The poll was carried out by Censuswide on behalf of the leading ethical travel company, responsibletravel.com, and international wildlife charity, the Born Free Foundation.
Growing public awareness of the ethical issues and physical implications of keeping dolphins and whales in captivity is changing public opinion. A staggering 86% of people surveyed* said they would not wish to visit a marine park to see whales and dolphins as part of an overseas holiday.

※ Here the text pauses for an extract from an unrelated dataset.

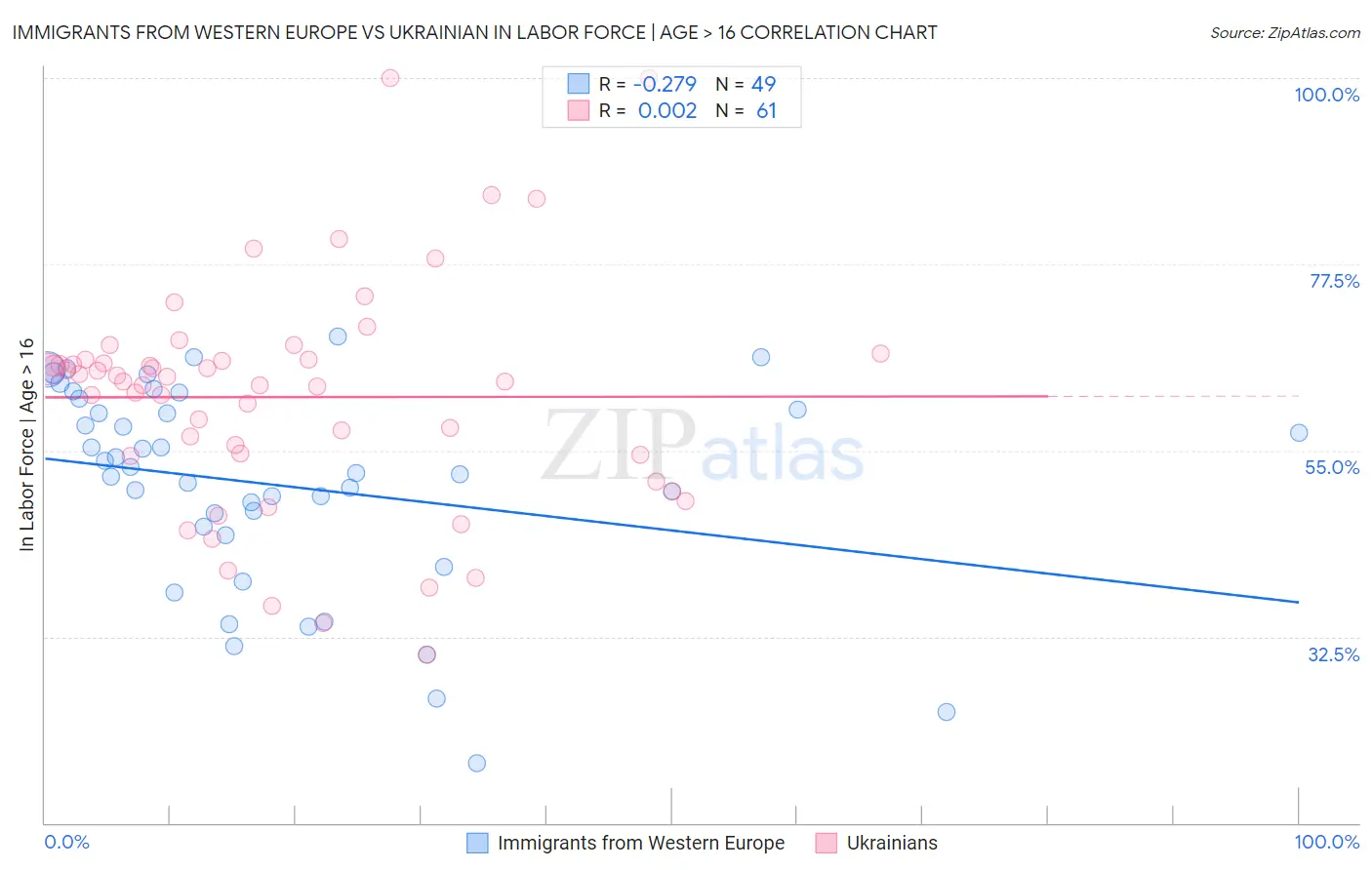 Immigrants from Western Europe vs Ukrainian In Labor Force | Age > 16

Will Travers OBE, President of the Born Free Foundation, said:
“Are the days of the dolphinarium over? It seems clear that when presented with the information on which to make an informed decision, British travellers have had enough. It is time to bring the curtain down on the exploitation of whales and dolphins in captivity – just like the exploitation of wild animals in travelling circuses. There are no longer any captive dolphins in the UK and I hope that the result of this survey will hasten the day when there are no captive dolphins kept for public entertainment anywhere in the world. We have a responsibility to make that dream a reality.”
Respondents were asked the same question at the beginning of the survey and again at the end, after having read a short statement** setting out facts about wild and captive whales and dolphins.
When initially asked, a clear majority, 61% said they did not wish to visit an overseas marine park to see whales and dolphins. Of those who declared that they would visit, 64% changed their minds after reading the factual statement.
Ethical considerations appear to be the reason for the respondents’ decision – 75% of the initial non-supporters felt it was ‘wrong to keep whales and dolphins in small tanks’, whilst a further 19% said they ‘don’t support or attend any zoos’.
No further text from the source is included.